Not the first ‘Truth Commission’
This is not the first time that we have had a government in power trying to establish a ‘truth commission’ which insults the very name and purpose of such bodies. In fact, we had an ironically styled Presidential Truth Commission on Ethnic Violence under the Presidency of Chandrika Kumaratunga) which was appointed on 23 July 2001 to look into the ethnic violence during 1981 – 1984, with special reference to the period of July 1983, including the circumstances which led to such violence. The Commission was mandated to inquire whether any person, group or institution was directly or indirectly responsible for such violence, the nature and extent of the damage, both physical and mental, suffered by the victims of such ethnic violence and what compensation or solatium should be granted to such victims or to their dependents or heirs.
It was also asked to recommend institutional, administrative and legislative measures to promote national unity and reconciliation among all communities.

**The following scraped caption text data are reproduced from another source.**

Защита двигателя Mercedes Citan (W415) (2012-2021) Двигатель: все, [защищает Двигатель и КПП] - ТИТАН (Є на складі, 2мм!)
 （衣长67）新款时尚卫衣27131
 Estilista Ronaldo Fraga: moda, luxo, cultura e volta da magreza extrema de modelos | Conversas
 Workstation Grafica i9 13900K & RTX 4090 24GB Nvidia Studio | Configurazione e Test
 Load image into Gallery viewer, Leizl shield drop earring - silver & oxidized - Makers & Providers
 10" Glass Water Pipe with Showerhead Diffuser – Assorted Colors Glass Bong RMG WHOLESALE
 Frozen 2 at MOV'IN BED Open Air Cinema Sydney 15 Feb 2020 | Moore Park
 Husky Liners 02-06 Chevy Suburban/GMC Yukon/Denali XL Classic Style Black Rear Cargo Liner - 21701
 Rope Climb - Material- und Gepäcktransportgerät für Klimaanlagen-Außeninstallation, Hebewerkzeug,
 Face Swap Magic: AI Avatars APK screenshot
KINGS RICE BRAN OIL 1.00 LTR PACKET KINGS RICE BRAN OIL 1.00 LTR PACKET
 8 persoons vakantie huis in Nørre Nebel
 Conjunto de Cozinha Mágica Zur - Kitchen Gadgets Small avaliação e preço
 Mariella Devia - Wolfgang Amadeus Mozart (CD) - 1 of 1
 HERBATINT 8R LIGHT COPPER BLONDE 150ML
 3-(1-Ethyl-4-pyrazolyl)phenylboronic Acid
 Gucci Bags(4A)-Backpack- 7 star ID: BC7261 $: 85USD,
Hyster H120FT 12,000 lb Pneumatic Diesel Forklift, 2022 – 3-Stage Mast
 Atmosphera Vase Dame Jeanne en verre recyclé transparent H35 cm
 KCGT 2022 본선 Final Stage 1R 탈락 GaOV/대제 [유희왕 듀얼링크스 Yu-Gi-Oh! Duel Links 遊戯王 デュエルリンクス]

True to form, this ‘Truth Commission’ delivered its report on September 2002 with little to show for its original grand objectives other than as a useful historical record. It had minimal positive impact on public opinion and was viewed more as a weary account of familiar events rather than a spiritedly motivated investigation that may have acted as a catalyst to bringing about institutional and attitudinal change. No findings of prima facie culpability against any individual/state officer/politician were arrived at and no specific prosecutions were recommended.
Recognising our self serving blindness
At each and every turn, these clever diversion tactics of Commissions and Committee turned attention away from imperative legal and policy reforms, strengthening of the judicial system and restoring the constitutional balance of power which (make no mistake about this) are essential to handling Sri Lanka’s ‘accountability problem’ as is somewhat quaintly termed by some. And Sri Lankan governments, regardless of their political colour, are able to resort to these tactics time and time again and without challenge from this country’s so-called ‘intellectual’ community precisely because of this self serving blindness. Forget about Governments; we should be ashamed of ourselves.